I have to give Edvardsson credit because through three different perspectives up until quite literally the epilogue, I still wasn’t entirely sure how the story was going to shake out. I had a suspicion that because Amina was cracking under the pressure, she might have wanted and sought a “fling” with Chris, too, betraying her best friend in the process, much to her own eternal shame. That’s sort of what happened, only it went further than Amina anticipated because Chris violently raped her. When Stella heard about this, she’s the one who stabbed Chris to death. But Ulrika, knowing all of this, orchestrated it so that Amina’s rape didn’t come out until the trial, thus setting up the reasonable doubt that two people with potential motives were at the scene of Chris’s death, and thus, neither could be convicted. That’s how Swedish law works, apparently. I’m probably not explaining it as well as Edvardsson did.

But in other words, Ulrika found a way to save both Amina and her daughter, Stella, even if Stella had to wait it out, somewhat in the dark, in prison longer, which was agonizing for someone like Stella whose worst fear in life, it seems, is to be bored. Imagine the solitude of prison, then! For the record, the way the scenario is presented, with Chris raping Amina, and then for all intents and purposes, kidnapping her by not allowing her to leave his vehicle, and then her escaping with him chasing her, Stella’s actions could be seen as self-defense and defense of Amina. Nonetheless.

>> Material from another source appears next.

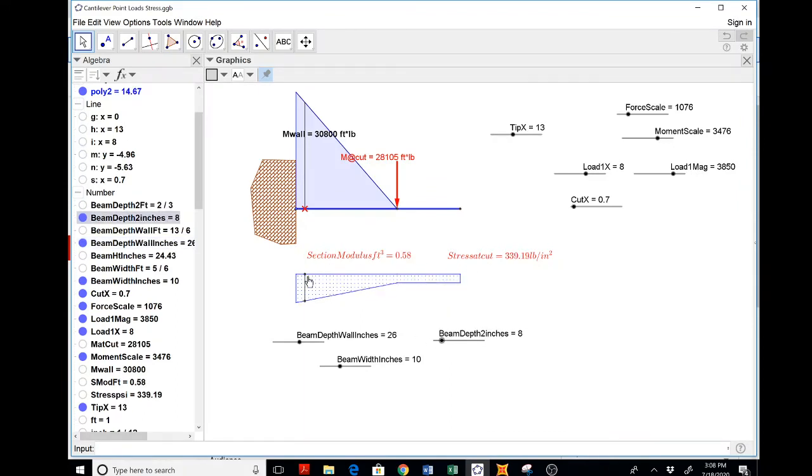And again, this is going to be tension or compression here. Compression is not a problem for concrete, but tension, of course, is. All right.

Edvardsson’s book is a very clever one, with lines throughout from the perspectives of Adam, Stella, and Ulrika, respectively, that made me think about life, morals, what we’re all willing to do for those we love, and again, how well we really know others, especially those we love. I love a page-turner that makes me slow down a second to think. Great characterization of each that made me sympathize with all of them for different reasons: Adam was trying to be a good father, but unlike the God he worships, he’s not infallible and stumbles often, often greatly; Stella was a misunderstood by others, including her parents, and just needed to be unfettered, but that desire clearly had its drawbacks, too, most pointedly because of predators like Robin and Chris; and Ulrika, who never felt adequate as a mother and then felt shame at not knowing how to “handle” Stella or her marriage, for that matter. But through the course of the murder trial, they realized that when you strip away all the insecure feelings, what’s left standing is love. Complicated love, ugly love even, but love. Nobody’s love is “normal” and certainly, nobody’s family is “normal.” All of the fibers connecting families together get frayed one way or another along the way. It’s more a matter of how you respond to the fraying when it happens.

If my Coben connection makes sense to you, then I think you’ll quite enjoy Edvardsson’s thorough page-turner, A Nearly Normal Family.